Given data:
##########
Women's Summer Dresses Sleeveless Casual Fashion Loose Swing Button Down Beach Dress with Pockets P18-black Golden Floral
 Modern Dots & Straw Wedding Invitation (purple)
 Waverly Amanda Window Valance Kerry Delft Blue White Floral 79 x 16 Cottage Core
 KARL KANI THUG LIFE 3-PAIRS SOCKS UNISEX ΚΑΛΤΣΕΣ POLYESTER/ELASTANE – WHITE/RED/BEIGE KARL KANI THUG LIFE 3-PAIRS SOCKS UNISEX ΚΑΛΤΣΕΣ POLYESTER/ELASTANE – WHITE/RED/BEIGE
##########
What you need to do: Copy, please, exactly the lines that start at the first line of the data and end at the line containing "Waverly Amanda Window", both kept and no others.

Your response:
Women's Summer Dresses Sleeveless Casual Fashion Loose Swing Button Down Beach Dress with Pockets P18-black Golden Floral
 Modern Dots & Straw Wedding Invitation (purple)
 Waverly Amanda Window Valance Kerry Delft Blue White Floral 79 x 16 Cottage Core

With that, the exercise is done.